Bombeck turned out zingers in the wilderness, earned her $3 a week and tried not to spend it all in one place. Then in 1965 things began to move fast. The merged Dayton Journal Herald offered her a twice-a-week column, and only three weeks later, the Newsday syndicate took her up. The phrase is exact; in journalistic terms, syndication is equivalent to ascending to heaven on a pillar of cloud. By the end of her first year, she had 36 papers, including Newsday, the Denver Post, the Minneapolis Star and the Atlanta Constitution. She began to be recognized in supermarkets. One day in 1967, Bombeck remembers, she was kneeling on the floor of the bathroom in Centerville, laying a piece of shag carpet around the toilet, when she heard Arthur Godfrey talking about her first book, At Wit's End, on his radio program. This lady probably lives in an apartment in New York City, Godfrey said. Bombeck wrote to him, confessing the grisly truth, and soon became a regular guest on his program.

By this time the women of Bomburbia were changing. The housewives of Cushwa Drive had divorced or taken jobs, and Bombeck, somewhat ironically, was almost the last stay-at-home mom left on the block. The winds of feminism had swept through town, ruffling feathers. One evening, Bombeck recalls, she drove into town with some other women to hear a lecture by Betty Friedan, author of The Feminine Mystique. "She started talking about yellow wax buildup and all that, and all of us started laughing." Friedan shook her finger and scolded them; these were supposed to be demeaning concerns, not funny ones. Bombeck remembers thinking, "God, lady, you can't make it better tonight. What more do you want from us?" Bombeck's feeling was that "first we had to laugh; the crying had to come later." She still has not entirely forgiven Friedan and other militant feminists. "These women threw a war for themselves and didn't invite any of us. That was very wrong of them."

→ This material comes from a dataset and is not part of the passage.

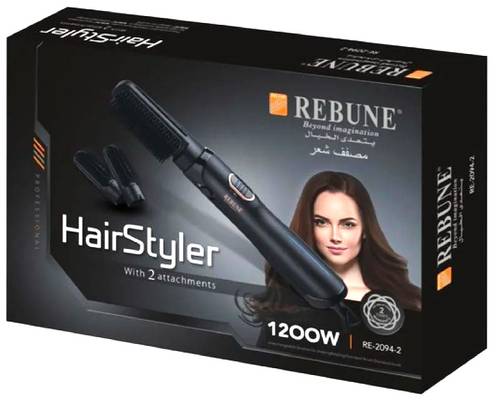 REBUNE Hair Styler with Single Brush and Heat Settings, 1200W, Model RE-2094-1, Black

Vexation at poor tactics and abrasive personalities was one thing; conviction was another. Bombeck knew which side she was on. Her success had allowed the Bombecks to move to Phoenix. But in 1978 she gave up her $15,000-a-shot lecturing sideline and began a two-year stump tour in favor of the Equal Rights Amendment. She hit senior citizens' centers, parking lots and Laundromats. Some of her fans wanted to hear her jokes but not her political views. The Lieutenant Governor of one Southern state patted her on the head and said she should be home having babies. "My babies were old enough to vote against him," she says, still burning. One store in Salt Lake City took her books out of the window, "and just before Mother's Day too."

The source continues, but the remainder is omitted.